Materials and methods Experiment 3 was identical to Experiment 2 with the following exceptions.

Participants Forty-three adults took part in the experiment. The data from three participants were discarded because the overall accuracy was below 60% (chance performance is 50%); the mean age of the remaining 40 participants (25 females, 3 left-handed) was 21 years (range 18–37). Stimuli The stimulus set was enlarged to 208 grey-scale facial images of celebrities by incorporating four additional stimuli of similar properties.

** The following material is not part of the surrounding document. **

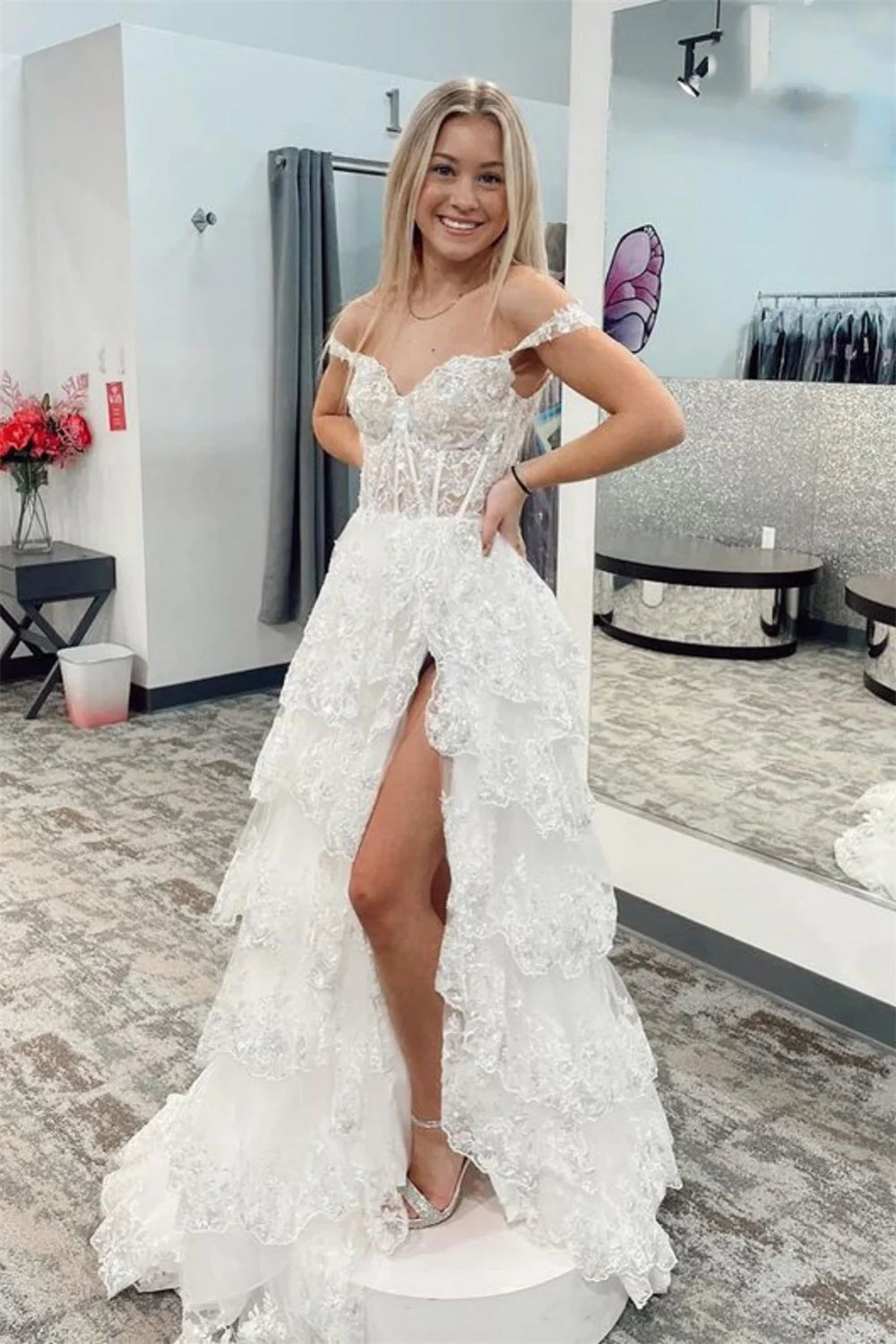 Glitter Black Lace Prom Dress Secondary image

Procedure The experiment consisted of an initial practice plus two study–test cycles. In study phases, 52 faces were presented in semi-random order three times. In test phases, 104 faces were presented in random order; half of them were repeated from the preceding study phase as primed faces, the other half were not presented in the experiment before and served as unprimed faces. For each participant, the faces were randomly split into four sets of 52 faces for the four conditions (unprimed identical, unprimed reversed, primed identical, primed reversed) with the constraint that each set contained 13 faces of each category of male actor, male non-actor, female actor, and female non-actor.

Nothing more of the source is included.